Matthew Perrone of the Associated Press:
--informs us that of the top 10 settlements paid to the US Dept. of Justice to settle claims of fraud in the past year, 8 were paid by drug firms. (Just to be sure that health care was fully represented, an insurer and a hospital chain filled out the list of 10.)
I have been trying to log in these settlement announcements as they arise, as regular readers of this blog know. Perrone's overall summary of the last year of activity drives home the point we pharmascolds have been stressing for some time--the number of such fraud charges and settlements strongly hints that whatever is going on here is not a matter of an occasional aberration or a few bad apples in the barrel. Rather it seems as if the business policies that lead to the fraudulent or near-fraudulent behavior are standard default practices among the pharmaceutical industry, and that the cost of paying out these sums to DOJ or whomever is simply toted up as part of the cost of doing business.
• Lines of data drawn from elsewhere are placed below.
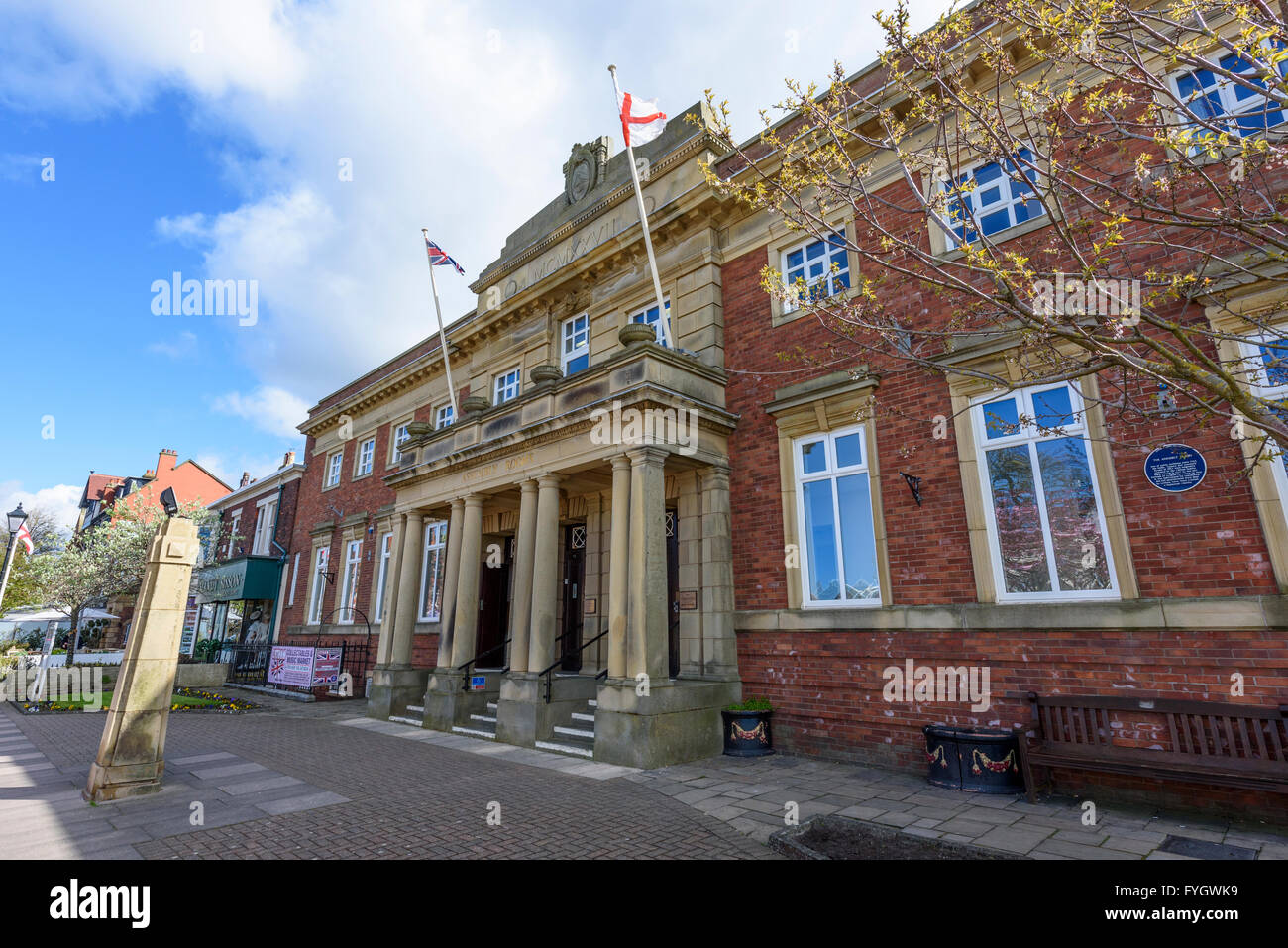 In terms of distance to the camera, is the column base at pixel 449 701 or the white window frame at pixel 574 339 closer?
the column base at pixel 449 701

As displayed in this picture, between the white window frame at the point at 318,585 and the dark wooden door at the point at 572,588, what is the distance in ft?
36.7

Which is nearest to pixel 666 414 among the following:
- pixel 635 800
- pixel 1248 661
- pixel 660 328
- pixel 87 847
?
pixel 660 328

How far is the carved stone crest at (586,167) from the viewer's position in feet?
47.8

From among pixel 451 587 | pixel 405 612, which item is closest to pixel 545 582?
pixel 451 587

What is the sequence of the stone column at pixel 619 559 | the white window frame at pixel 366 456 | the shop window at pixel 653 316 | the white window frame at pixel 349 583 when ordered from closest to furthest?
the stone column at pixel 619 559 < the shop window at pixel 653 316 < the white window frame at pixel 349 583 < the white window frame at pixel 366 456

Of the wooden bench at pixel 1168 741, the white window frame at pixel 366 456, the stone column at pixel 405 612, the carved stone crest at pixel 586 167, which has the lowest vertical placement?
the wooden bench at pixel 1168 741

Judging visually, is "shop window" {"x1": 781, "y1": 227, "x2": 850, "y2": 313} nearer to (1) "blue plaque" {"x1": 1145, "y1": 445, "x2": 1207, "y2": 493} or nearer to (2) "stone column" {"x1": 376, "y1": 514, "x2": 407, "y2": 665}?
(1) "blue plaque" {"x1": 1145, "y1": 445, "x2": 1207, "y2": 493}

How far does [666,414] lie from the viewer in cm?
948

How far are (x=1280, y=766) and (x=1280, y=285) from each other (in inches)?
179

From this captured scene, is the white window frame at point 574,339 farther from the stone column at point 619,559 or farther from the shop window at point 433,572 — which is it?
the shop window at point 433,572

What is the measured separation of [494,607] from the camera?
567 inches

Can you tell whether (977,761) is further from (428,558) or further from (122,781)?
Answer: (428,558)

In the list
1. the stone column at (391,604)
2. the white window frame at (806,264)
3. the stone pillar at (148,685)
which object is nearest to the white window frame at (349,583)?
the stone column at (391,604)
Incidentally, so far as I can tell, Perrone's "top 10" list was compiled before it was announced earlier today that GlaxoSmithKline is paying $750 million to settle criminal and civil charges related to massive contamination and product-quality problems in a large manufacturing plant in Puerto Rico (that the company reports was closed in 2009):
This is a bit of change of pace as the usual fraud charge has been off-label marketing. It is also more worrisome, as we have tended to assume that while the big drug firms really want to push their pills so that more docs will prescribe them, at least they make good-quality pills. If pressures to turn big profits are now causing the firms increasingly not only to over-market, but also to skimp on quality and safety, then we are in a worse mess than we imagined.